# Thomas A Yorke Design Studio Sketchbooks, any good?



## Paulus (May 31, 2008)

I stumbled across the Thomas A Yorke Design Studio site. Looks very nice; just a bit different/whimsical but realistic as well. It just has 'something'.

I'm interested in their GN15 sketchbook and their range of Industrial Railways sketchbooks; http://www.thomasayorke.com/sketchbooks.html
Prices vary from 15 to 25 dollar, books are about 30 pages.

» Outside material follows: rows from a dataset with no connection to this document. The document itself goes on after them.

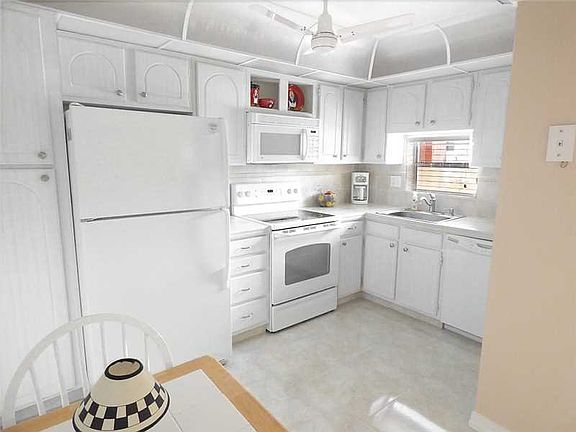 2nd image of 671 S Hollybrook Dr APT 105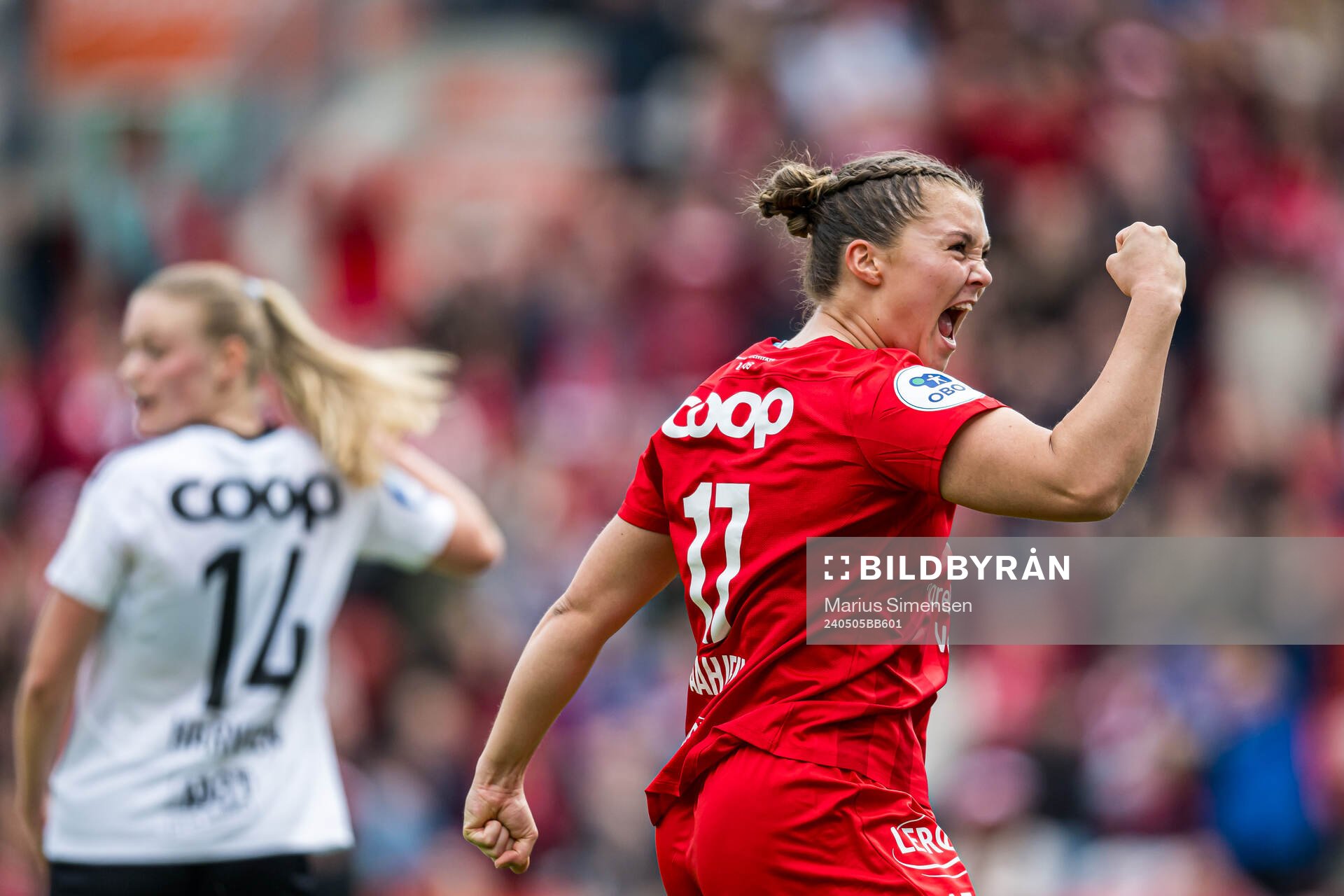 Anna Aahjem of Brann celebrates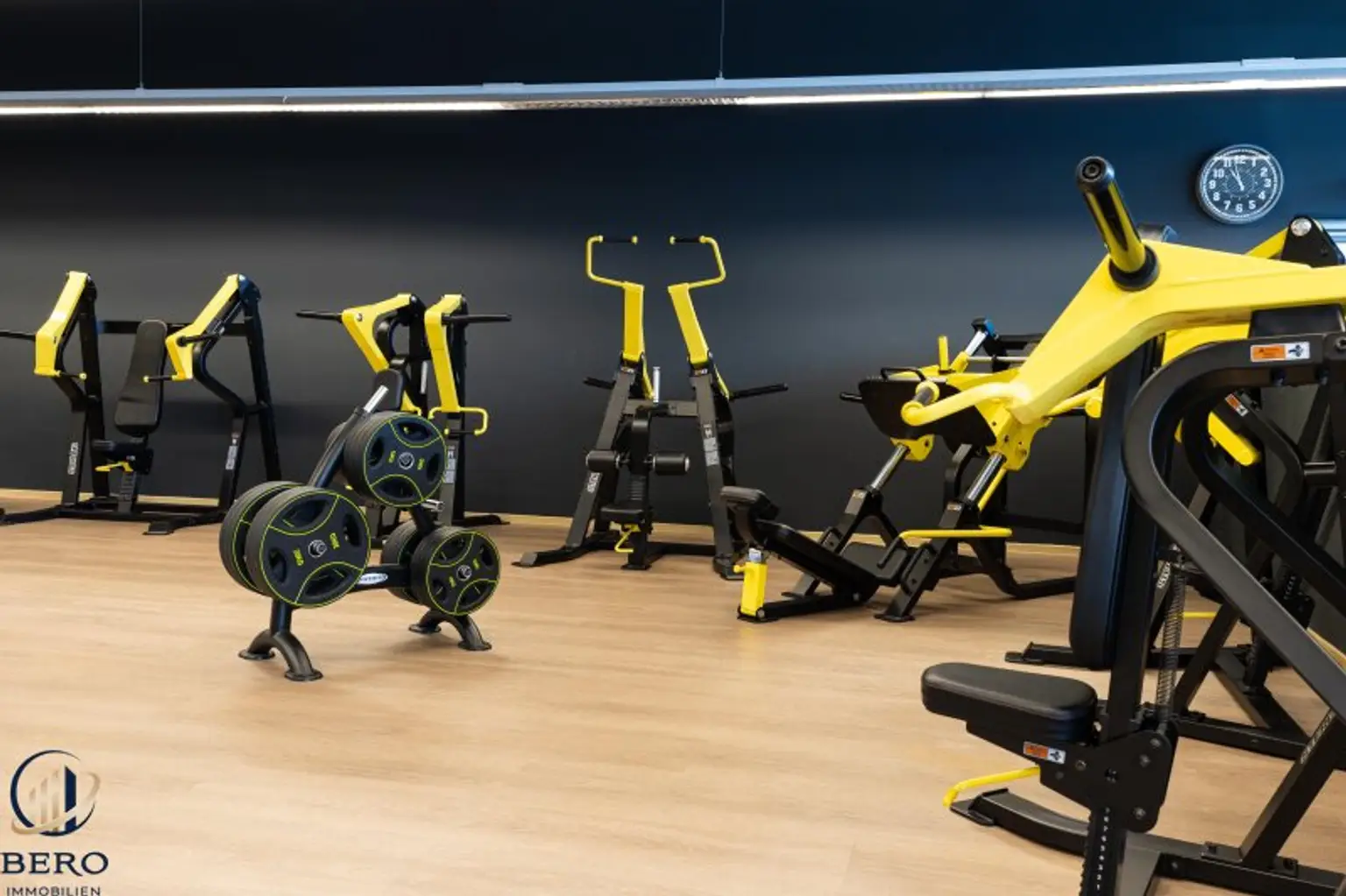 Top Fitnesscenter in Wilhelmsburg unbefristet zu Pachten!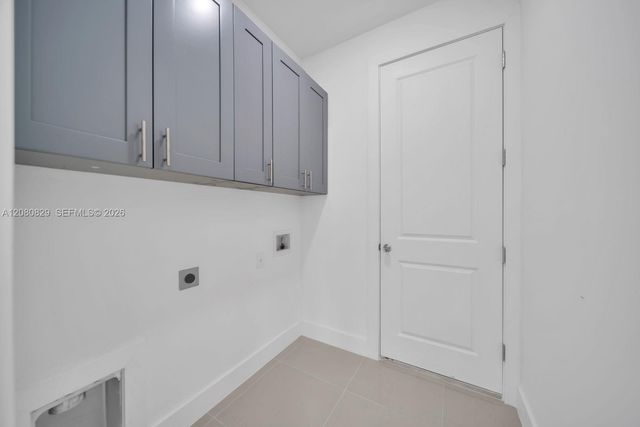 856 William Denver Street, Lehigh Acres, FL 33974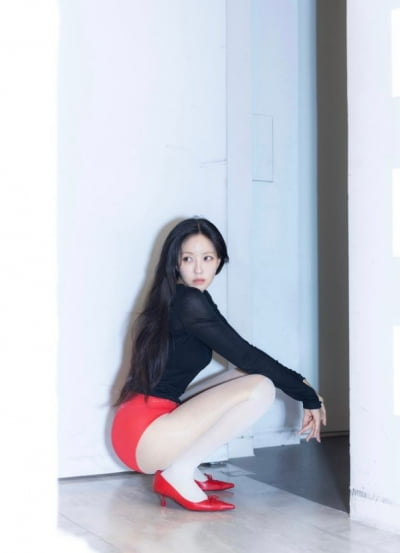 '167cm·46kg' 효민, 파격 하의 실종 룩…눈을 어디다 둬야 돼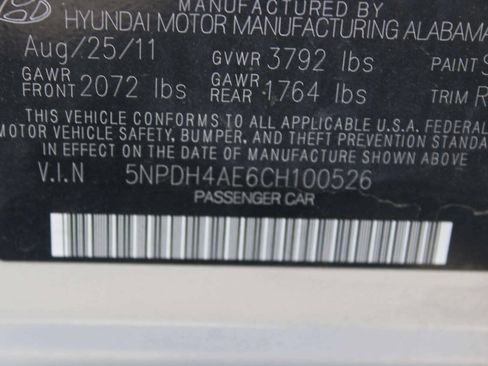 Used 2012 Hyundai Elantra Limited w/ Technology Pkg 5 FWD image 12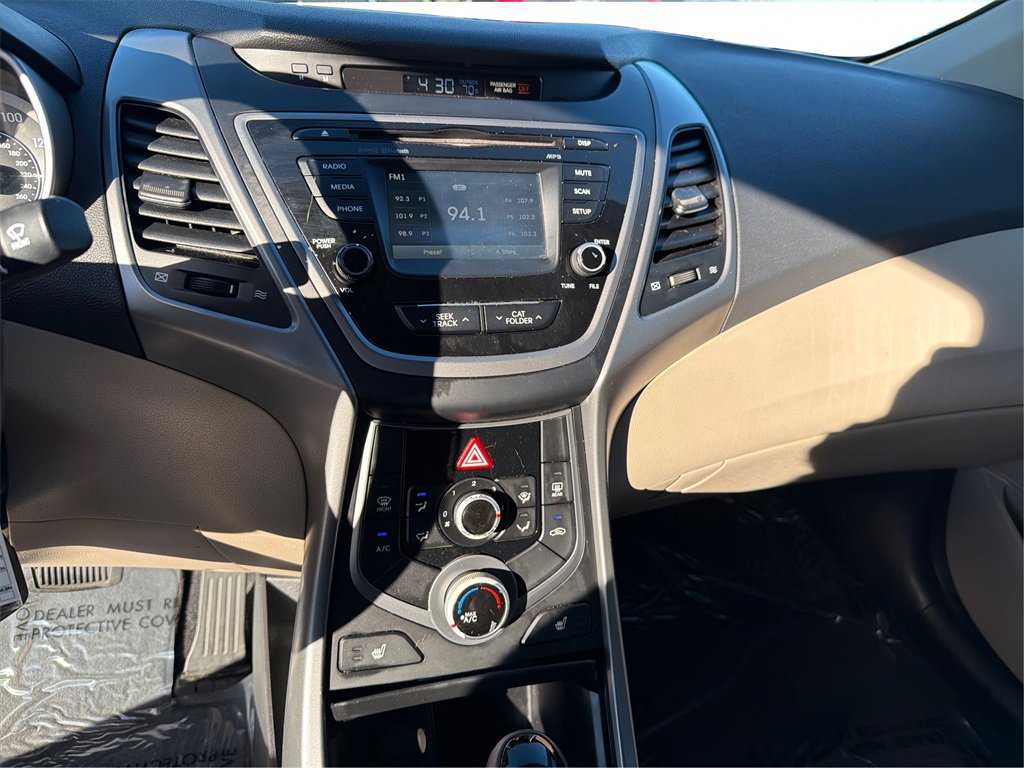 Used 2014 Hyundai Elantra SE w/ Option Group 02 image 15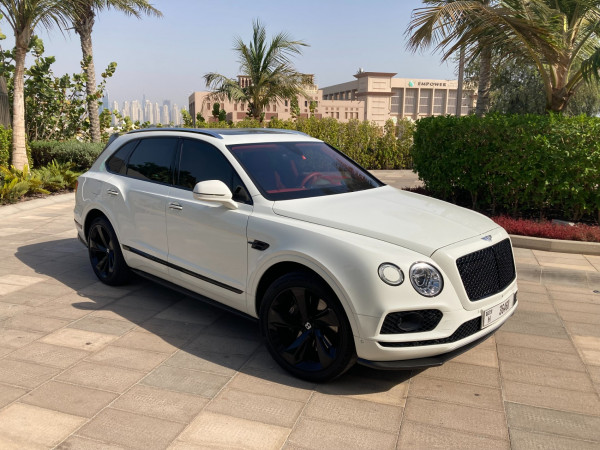 White Bentley Bentayga, 2018 for rent in Dubai 4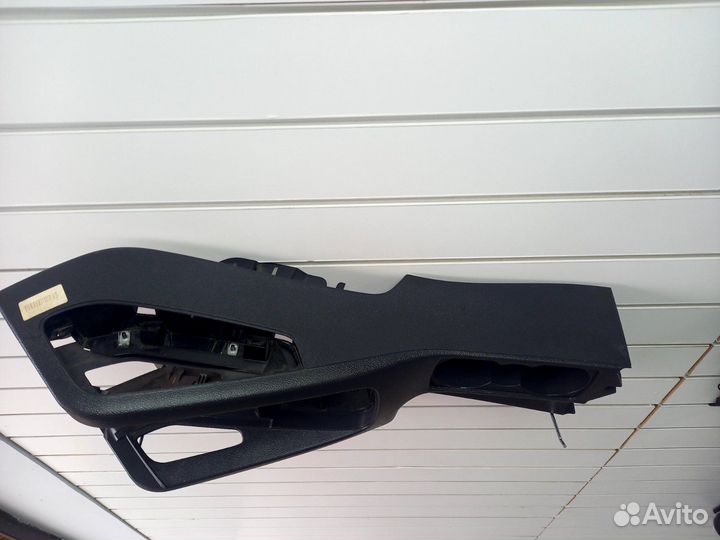 Центральная консоль передняя часть golf-V новая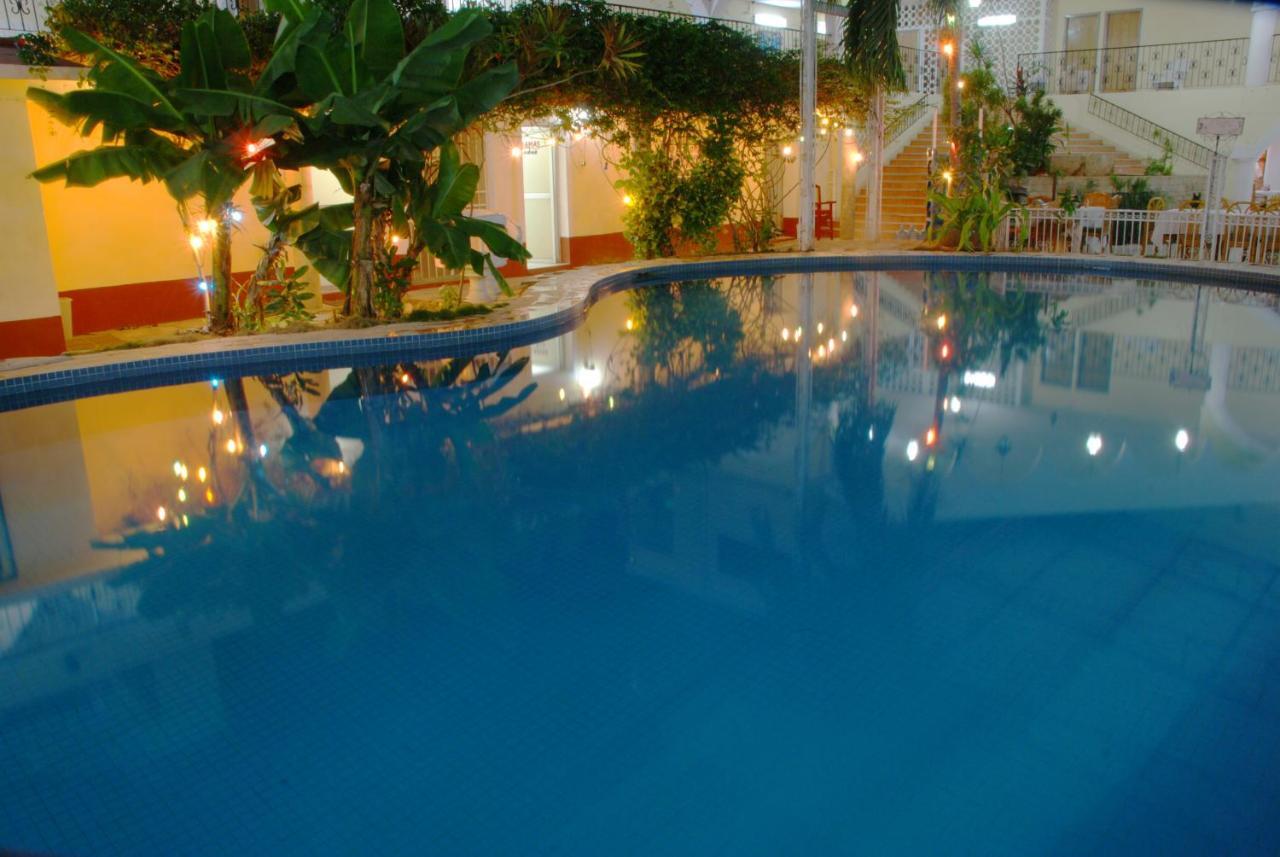 Hotel Maria De La Luz Valladolid  Buitenkant foto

The books look good but does anybody know those books them self or knows a review about it? 
Are they any good/worth their value? Are the drawings usable for scratch building or "just" nice looking sketches? I have to let them come over to Europe, so I like to do some homework first...

Thanks!

Paul


----------



## Mr Ron (Sep 23, 2009)

They would not be of much value to me. I draw all my projects first using autocad. All I need is a good side view and a few overall dimensions. It can be a photograph as long as it is taken 90° to the surface. A scale can be constructed using any given dimension. I viewed the sample pages from the books and think they can be of use to someone who can't or doesn't want to make new drawings. They do state they are drawn to scale.


----------



## Jerry Barnes (Jan 2, 2008)

I use a Freight Car Lettering Plan Book by Champion Decal Company that I got off of ebay for basic plans. Just blow them up. I stumbled across it on ebay. It is from 1965. It has over 600 authentic freight car plans. Broken down into categories of, box cars, freight and express reefers. covered hoppers, open top hoppers, gondolas, flat cars, piggybacks, auto racks, tank cars stock cars and cabooses. Lettering is on the sides also. Pretty handy little book. They are just side views.


----------



## Paulus (May 31, 2008)

Thanks for the ideas guys! I think I just wait a wile with ordering them..


----------